My earliest memories of graphs take me back to ‘grade whatever’, when I was first introduced to the Cartesian-X/Y torture device. I remember looking up, having finished my first, beautiful X/Y axes, only to realize I had completely missed the explanation of what to do next. My relationship with graphs went downhill from there.
Today though, thanks to machine vision and image processing, graphs are my friend. One of the cool things about graphs is you can make the X/Y axes represent whatever you want. For instance, let’s make the Y-axis a pixel’s value (i.e. a monochrome image will have a range of 0 to 255) and we’ll make the X-axis represent the pixel’s horizontal position in the image.
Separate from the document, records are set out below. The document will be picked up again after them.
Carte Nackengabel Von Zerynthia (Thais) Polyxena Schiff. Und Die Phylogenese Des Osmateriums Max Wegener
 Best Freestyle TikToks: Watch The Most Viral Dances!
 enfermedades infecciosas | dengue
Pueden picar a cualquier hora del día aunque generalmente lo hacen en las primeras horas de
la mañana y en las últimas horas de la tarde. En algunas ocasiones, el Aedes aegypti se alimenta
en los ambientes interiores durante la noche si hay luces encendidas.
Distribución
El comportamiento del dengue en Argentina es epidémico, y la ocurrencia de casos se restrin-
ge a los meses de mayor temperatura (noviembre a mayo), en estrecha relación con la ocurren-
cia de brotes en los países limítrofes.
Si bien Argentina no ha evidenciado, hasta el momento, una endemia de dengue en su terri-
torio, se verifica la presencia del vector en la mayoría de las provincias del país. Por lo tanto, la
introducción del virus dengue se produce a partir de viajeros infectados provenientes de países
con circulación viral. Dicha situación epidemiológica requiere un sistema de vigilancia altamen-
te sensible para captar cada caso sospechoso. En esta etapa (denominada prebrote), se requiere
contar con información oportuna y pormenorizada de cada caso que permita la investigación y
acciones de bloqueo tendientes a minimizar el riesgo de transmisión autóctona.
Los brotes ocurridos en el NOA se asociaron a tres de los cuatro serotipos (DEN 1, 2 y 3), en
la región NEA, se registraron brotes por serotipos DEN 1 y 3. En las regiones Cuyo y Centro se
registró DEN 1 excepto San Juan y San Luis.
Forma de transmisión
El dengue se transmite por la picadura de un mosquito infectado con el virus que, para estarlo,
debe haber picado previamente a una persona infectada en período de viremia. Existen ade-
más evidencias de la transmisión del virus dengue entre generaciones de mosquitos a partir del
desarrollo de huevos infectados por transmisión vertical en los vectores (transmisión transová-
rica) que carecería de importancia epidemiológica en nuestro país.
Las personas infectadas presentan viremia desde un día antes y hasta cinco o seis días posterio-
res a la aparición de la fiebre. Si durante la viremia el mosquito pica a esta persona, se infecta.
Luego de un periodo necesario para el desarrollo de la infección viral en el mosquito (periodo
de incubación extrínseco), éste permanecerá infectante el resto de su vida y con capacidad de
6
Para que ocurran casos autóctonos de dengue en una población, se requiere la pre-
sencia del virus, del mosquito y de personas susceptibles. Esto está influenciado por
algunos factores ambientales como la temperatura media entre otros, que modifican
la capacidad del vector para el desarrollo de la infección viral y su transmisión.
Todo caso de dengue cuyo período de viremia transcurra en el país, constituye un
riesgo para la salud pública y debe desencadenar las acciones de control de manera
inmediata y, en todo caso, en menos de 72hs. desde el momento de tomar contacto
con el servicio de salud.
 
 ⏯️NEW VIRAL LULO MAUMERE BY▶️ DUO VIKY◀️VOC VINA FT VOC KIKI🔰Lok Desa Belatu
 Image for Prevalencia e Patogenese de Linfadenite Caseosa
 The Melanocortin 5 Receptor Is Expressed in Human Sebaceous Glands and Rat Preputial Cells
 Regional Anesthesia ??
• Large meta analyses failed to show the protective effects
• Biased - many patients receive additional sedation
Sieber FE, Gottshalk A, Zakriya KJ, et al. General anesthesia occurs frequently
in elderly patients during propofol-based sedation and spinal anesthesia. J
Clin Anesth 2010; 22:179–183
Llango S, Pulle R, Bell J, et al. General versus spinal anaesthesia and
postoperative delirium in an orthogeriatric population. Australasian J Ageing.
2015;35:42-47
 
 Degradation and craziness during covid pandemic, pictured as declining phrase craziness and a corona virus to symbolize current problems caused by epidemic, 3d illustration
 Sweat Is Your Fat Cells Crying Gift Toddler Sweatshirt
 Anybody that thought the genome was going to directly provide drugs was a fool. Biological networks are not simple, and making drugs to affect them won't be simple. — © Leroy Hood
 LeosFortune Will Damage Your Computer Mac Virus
Now, if we take a look at line 43 in our picture Doraimon, and we plot the value of each pixel on our graph, we end up with a nifty profile of each pixel’s value along line 43:
Essentially, this graph shows us the nature and magnitude of the changes in pixel values along the red line (line 43). Line (and/or column) profile information can sometimes be useful when trying to find clues to help solve a machine vision problem. For instance, looking at line 43’s profile around the 150 position, shows us that there is a huge jump from dark to light pixel values, when we go from Doraimon’s nose to the bottom of his eye. Is this information useful? Maybe, maybe not, it all depends on the approach you decide to take in solving your particular machine vision problem.